I might not have chosen the correct community, but anyway:

 

I have four static ip-addresses and I have ASA 5505 with a basic license. How do I tell that outside a.b.c.100 shall be directed to x.x.x.10 inside? (if that is what I want of course)

 

1 Accepted Solution

Accepted Solutions

Your NAT rules look OK.

You also need to create an access-list for the allowed services and apply it via the access-group command to the outside interface.

After you do that you can always check your logic with packet-tracer. e.g.:

packet-tracer input outside tcp 8.8.8.8 1025 1.1.1.2 80

(for your DMZ webserver here). If you've missed something. packet-tracer will give you a good idea what is missing.

Note that it appears you have upwards of 20 hosts on the inside and at least 3 in the DMZ. That would exceed the base license limitation of 10.

View solution in original post

5 Replies 5

Marvin Rhoads
Hall of Fame
Hall of Fame

The syntax varies according to your ASA software version.

Generally speaking you create an object and associate a nat rule with it.

Then (if you also require initiation of traffic flows from the untrusted or less trusted networks) you create an access-list and bind it to the untrusted (public) interface to allow the incoming traffic.

Something like this (using a web server on tcp 80 and an outside interface named "outside") for example on ASA 8.3 or later:

object network my_server_NAT
 host a.b.c.100

object network my_server_REAL
 host x.x.x.10
 nat (inside,outside) static my_server_NAT

access-list outside_access_in extended permit tcp any4 object my_server_REAL eq 80

access-group outside_access_in in interface outside

Dear Marvin,

Thanks for the reply.

I am still sensing that I have to upgrade my license as I have currently used dmz, inside and outside. And so I have a feeling that I have to have access to more ports in order to use more ip-addresses.

or am I wrong?

As long as your number of inside hosts does not exceed 10 and your number of VLANs does not exceed 3, the base license will suffice.

The details on the Base vs. Security Plus license for the ASA 5505 are listed here.

Dear Marvin,

Thanks for your valuable feedback.

What I am trying to achieve is this:

I have public IP "1.1.1.1"-"1.1.1.5".

Outside is set to 1.1.1.1

I have the following zones:

inside (machines has 192.168.5.1-20)

outside (1.1.1.1)

dmz (machines has 192.168.0.1-4) (for example)

in the dmz I'd like to have a:

development webserver (let's call that 192.168.0.50) where I also need ftp and a few other services running (and being able to access these)

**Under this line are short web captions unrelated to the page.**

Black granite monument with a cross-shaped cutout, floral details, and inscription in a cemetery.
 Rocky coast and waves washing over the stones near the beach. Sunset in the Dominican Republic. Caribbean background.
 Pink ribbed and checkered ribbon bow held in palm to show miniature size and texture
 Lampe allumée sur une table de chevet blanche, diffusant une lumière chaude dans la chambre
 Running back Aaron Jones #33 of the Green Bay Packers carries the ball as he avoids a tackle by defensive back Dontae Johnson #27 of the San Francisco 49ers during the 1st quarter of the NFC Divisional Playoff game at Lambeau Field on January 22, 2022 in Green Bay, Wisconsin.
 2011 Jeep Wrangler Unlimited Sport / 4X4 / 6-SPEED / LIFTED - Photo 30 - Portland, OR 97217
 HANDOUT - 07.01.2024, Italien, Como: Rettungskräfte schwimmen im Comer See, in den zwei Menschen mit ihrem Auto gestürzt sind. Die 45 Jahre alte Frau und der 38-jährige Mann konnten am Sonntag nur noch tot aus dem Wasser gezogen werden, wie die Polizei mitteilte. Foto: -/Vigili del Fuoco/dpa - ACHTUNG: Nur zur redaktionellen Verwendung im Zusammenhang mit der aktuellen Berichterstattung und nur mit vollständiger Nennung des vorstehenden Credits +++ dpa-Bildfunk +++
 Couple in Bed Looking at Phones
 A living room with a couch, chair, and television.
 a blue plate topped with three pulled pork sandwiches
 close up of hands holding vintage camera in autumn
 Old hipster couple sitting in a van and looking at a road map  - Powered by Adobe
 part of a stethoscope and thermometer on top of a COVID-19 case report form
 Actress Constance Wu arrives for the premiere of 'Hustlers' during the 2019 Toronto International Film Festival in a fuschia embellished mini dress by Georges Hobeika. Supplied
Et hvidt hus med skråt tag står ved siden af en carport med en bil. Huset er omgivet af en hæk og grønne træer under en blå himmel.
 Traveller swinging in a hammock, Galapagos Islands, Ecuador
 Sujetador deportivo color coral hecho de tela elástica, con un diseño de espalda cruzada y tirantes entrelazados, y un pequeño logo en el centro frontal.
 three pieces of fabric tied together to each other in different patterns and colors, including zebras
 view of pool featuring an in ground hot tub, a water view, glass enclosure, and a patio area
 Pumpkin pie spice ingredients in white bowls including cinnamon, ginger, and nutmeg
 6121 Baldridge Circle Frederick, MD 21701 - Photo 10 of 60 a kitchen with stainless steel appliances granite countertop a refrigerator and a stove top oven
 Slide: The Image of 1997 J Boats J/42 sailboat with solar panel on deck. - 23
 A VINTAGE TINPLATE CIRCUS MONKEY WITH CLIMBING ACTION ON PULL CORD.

a development/production ftp-backup-server (let's just call that server 192.168.0.51) for some remote users to put files which I don't want to have on a production web-server.

a git-server (192.168.0.52) for putting source code in a remote repository

In some places I have read that this is what I am supposed to do:

object network dmz-webserver

host 192.168.0.50

nat (dmz,outside) static 1.1.1.2

object network dmz-ftpserver

host 192.168.0.51

nat (dmz,outside) static 1.1.1.3

object network dmz-gitserver

host 192.168.0.52

nat (dmz,outside) static 1.1.1.4

But when I do that, I still cannot access any of these servers remote. So something isn't that correct.

Or am I not doing this correctly?

 

Your NAT rules look OK.

You also need to create an access-list for the allowed services and apply it via the access-group command to the outside interface.

After you do that you can always check your logic with packet-tracer. e.g.:

packet-tracer input outside tcp 8.8.8.8 1025 1.1.1.2 80

(for your DMZ webserver here). If you've missed something. packet-tracer will give you a good idea what is missing.

Note that it appears you have upwards of 20 hosts on the inside and at least 3 in the DMZ. That would exceed the base license limitation of 10.